INDIAN BORDER BAN PLOT THICKENS
Pressure continues to build over the Morrison Government’s decision to pursue criminal sanctions against those who breach the ban on travel to Australia from India as the country battles a dire COVID crisis. And yesterday, a crack in the government’s defence opened up between it and one of our most senior health officials.
WHAT’S THAT ABOUT?
Last week, Team Morrison backed the temporary ban with the threat of huge fines and prison. Cue loud criticism that Australia is abandoning 9,000 citizens stranded in India (including Aussie cricketers) who want to come home… On Sunday, Foreign Affairs Minister Marise Payne said the decision to put criminal sanctions in place was “entirely founded on the advice of the Chief Medical Officer”. Nah-ah, Paul Kelly said yesterday. “I didn’t advise anything in relation to fines or any of those other matters”. A letter from Kelly to Federal Health Minister Greg Hunt was released that references the penalties and warns of the risk to Australians – including death – from the travel ban. Health Secretary Professor Brendan Murphy sought to provide another explanation: while there was no specific recommendation from health officials on sanctions, the Biosecurity Act (aka the legislation giving the government border ban powers) has the provisions built in. That doesn’t seem to be the end of it with anger rising, including from MPs…

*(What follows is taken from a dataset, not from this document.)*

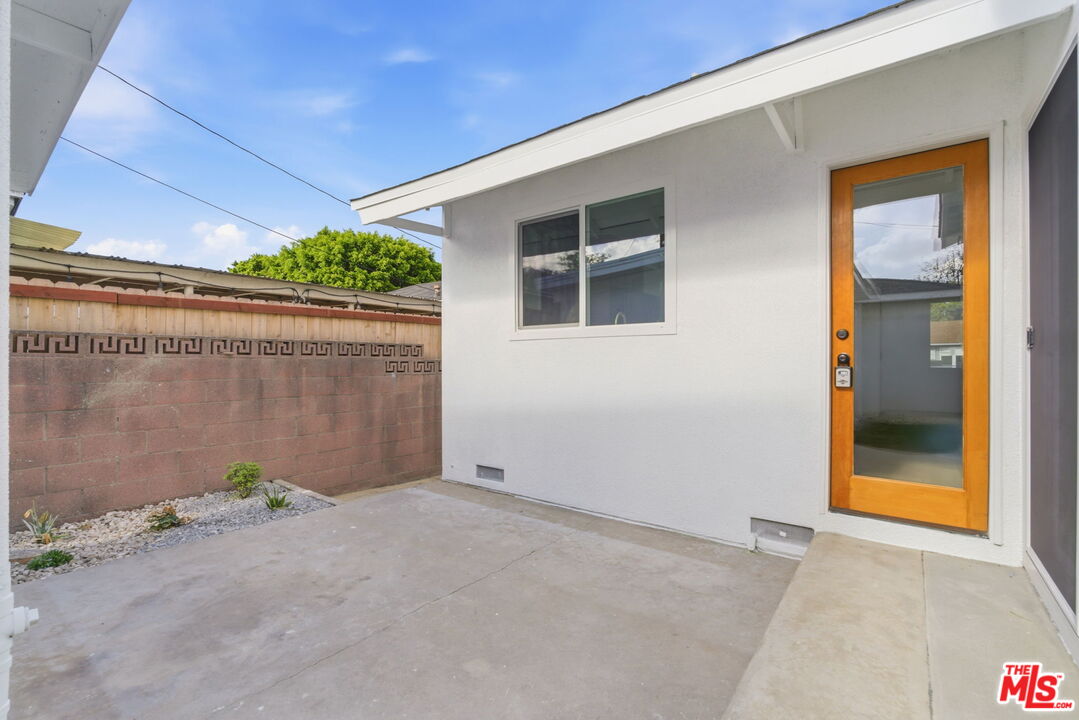 3516 Roxanne Avenue Long Beach, CA 90808 - Photo 13 of 15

RIGHT… AND WHAT’S THE LATEST FROM INDIA?
It reported more than 300,000 new cases for a 12th straight day, while deaths rose by more than 3,400. At least 11 states and union territories have imposed some restrictions to slow infections, but PM Narendra Modi is reluctant to impose a national lockdown because of the impact it would have on the economy. He’s also been accused of focusing on polls rather than the pandemic and criticised for not taking steps earlier to curb the spread.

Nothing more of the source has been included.